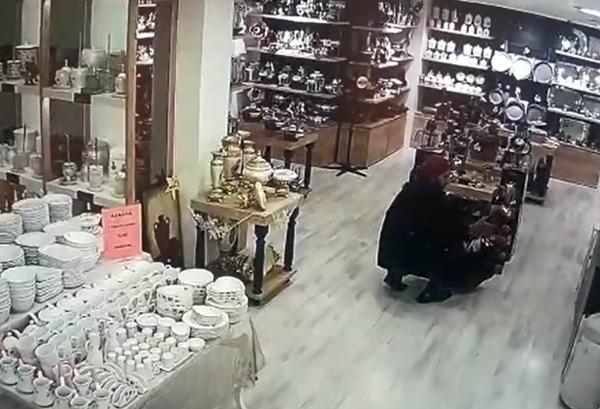 Kahramanmaraş'ta blender hırsızı, kameradan yakalandı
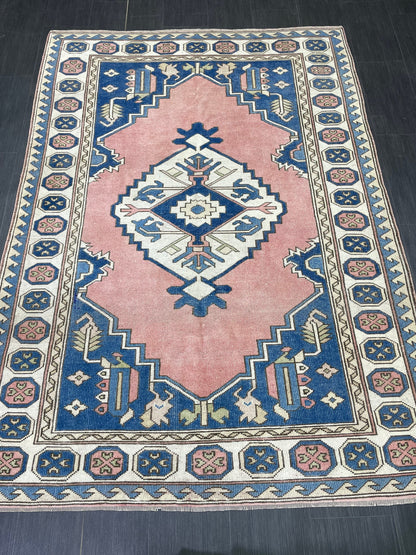 Wool Vintage Rug Handmade 5.3 x 7.5 Rug, Oushak Rug, Turkish Rug, Farmhouse Rug Vintage Rug, Wool rug Oriental Rug Blue and Pink Rug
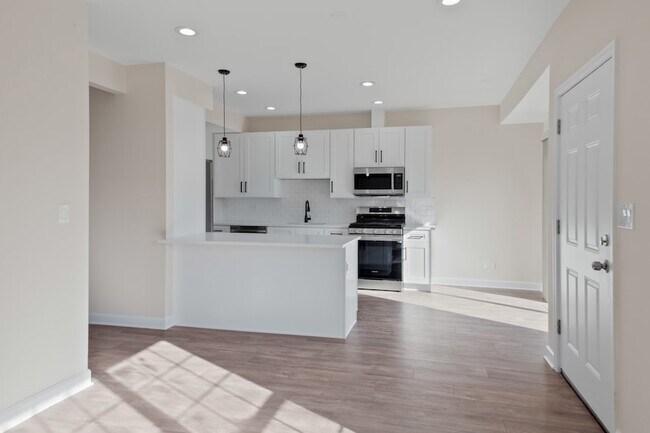 Foto del edificio - 546 W Parkside Dr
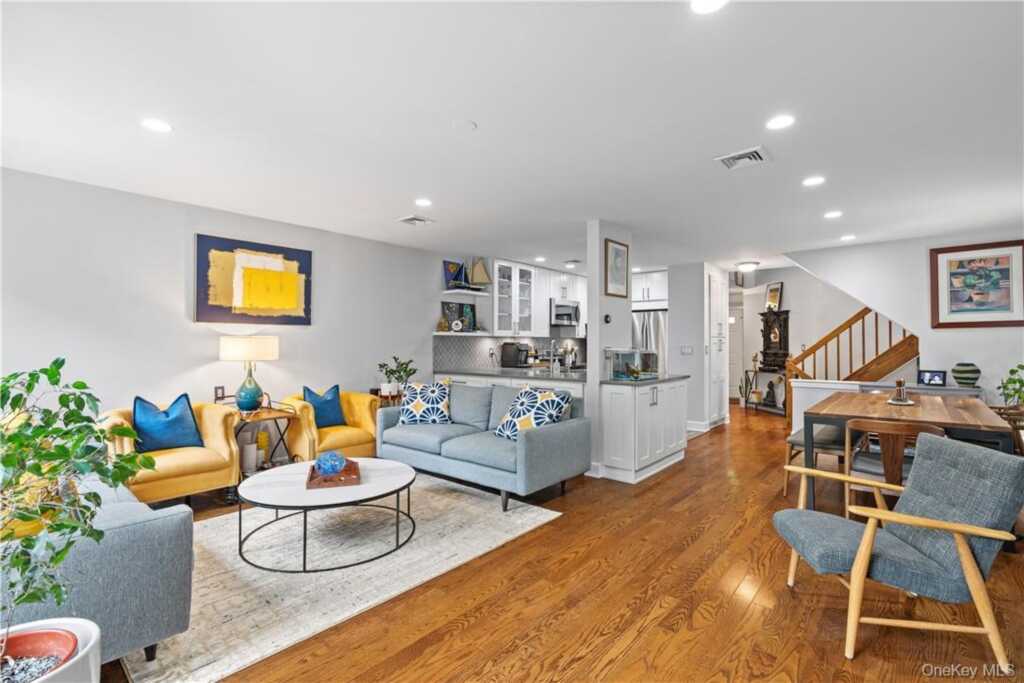 17 Top Of The Rdg, Unit #A5, Rye, NY 10543 - Photo 3 of 20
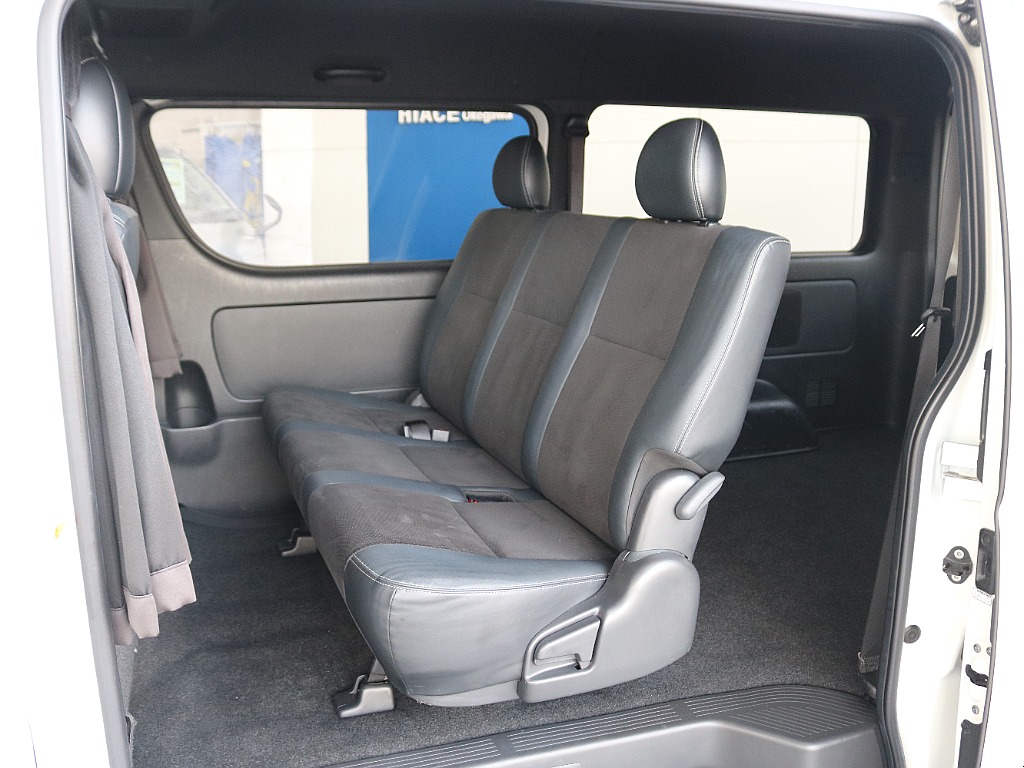 特別仕様車専用のハーフレザーシートになっています♪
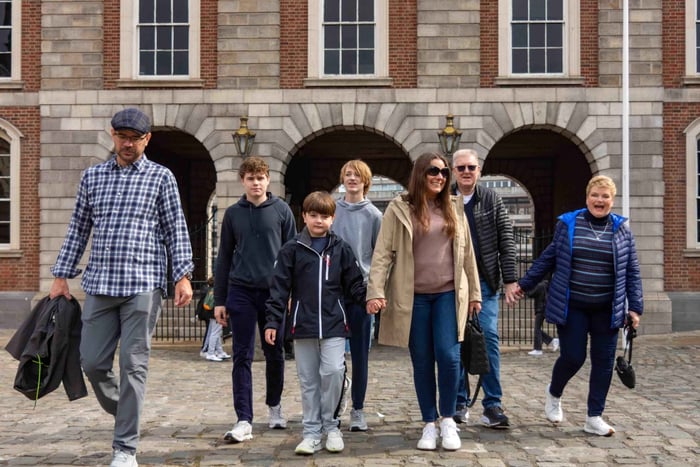 Dublin: Family Photoshoot with Edited Photos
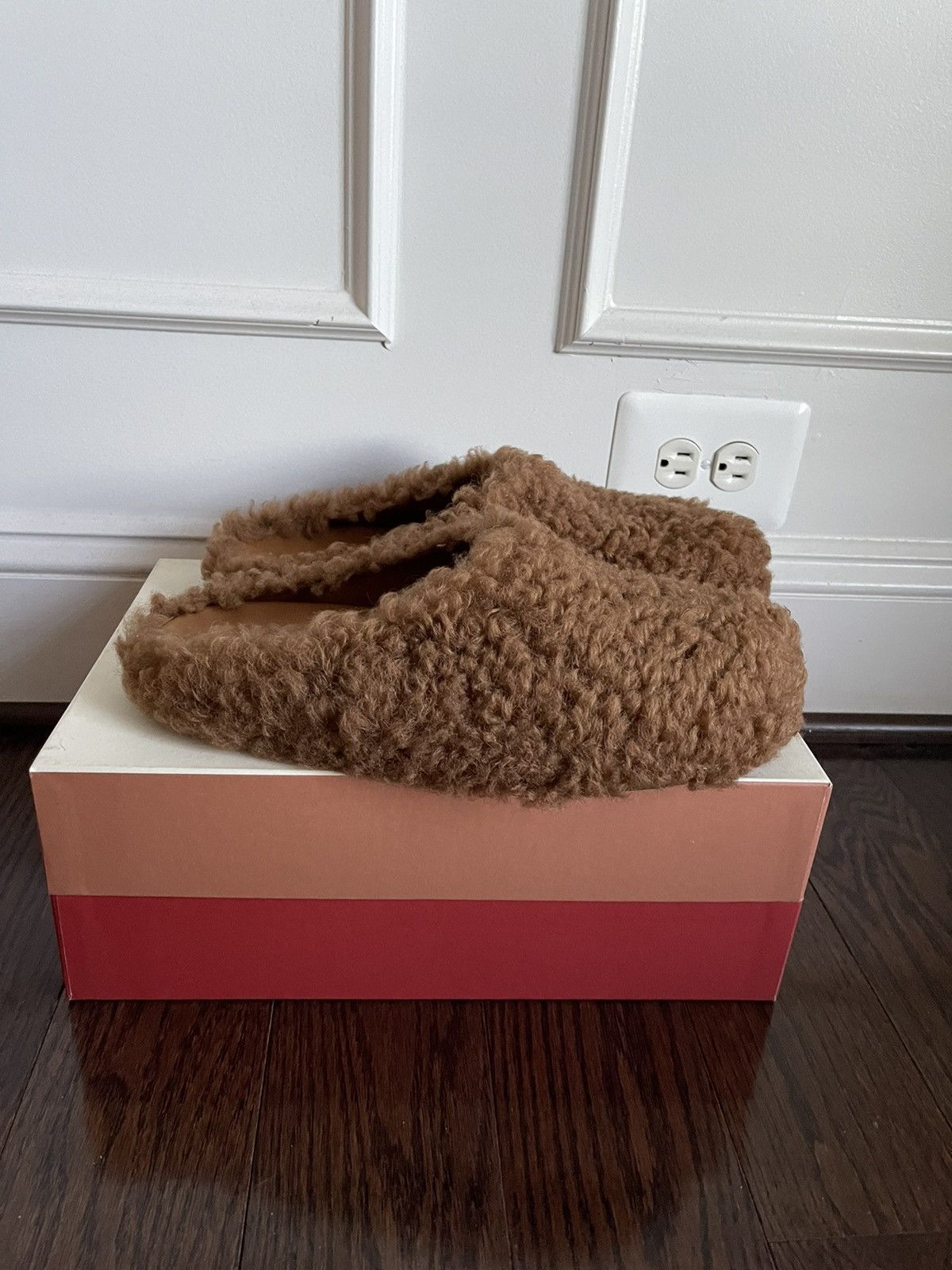Marni Mules Size 45 Marni Mens Long Hair Fussbett Sabot Mule – Extra Butter main image 2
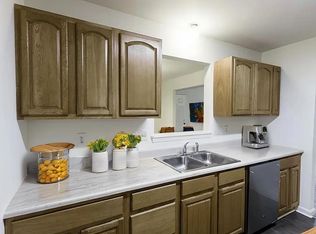 10701 Brookmeade Dr #1-4, Williamsport, MD 21795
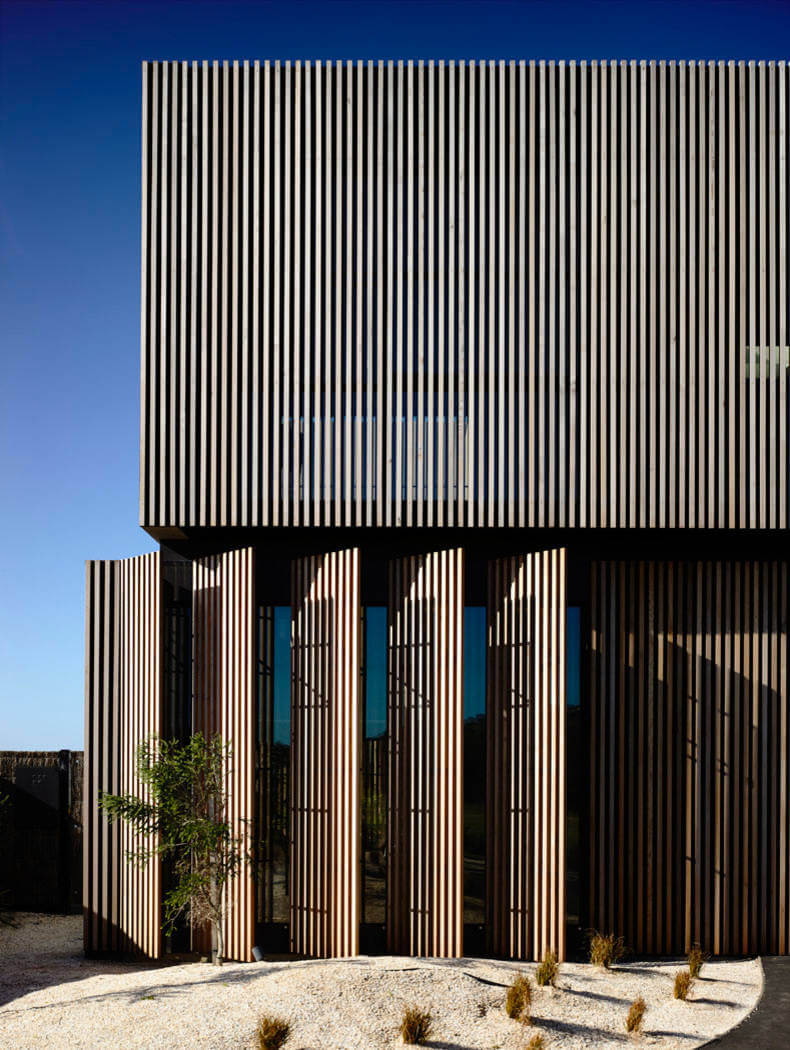 Torquay House by Wolveridge Architects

⁂

**Exercise prompt:**
Drop the pictures, then write out only the lines running from the one containing "17 Top Of The" through the last line above, both included, exactly.

**Output for this exercise:**
 17 Top Of The Rdg, Unit #A5, Rye, NY 10543 - Photo 3 of 20
 特別仕様車専用のハーフレザーシートになっています♪
 Dublin: Family Photoshoot with Edited Photos
Marni Mules Size 45 Marni Mens Long Hair Fussbett Sabot Mule – Extra Butter main image 2
 10701 Brookmeade Dr #1-4, Williamsport, MD 21795
 Torquay House by Wolveridge Architects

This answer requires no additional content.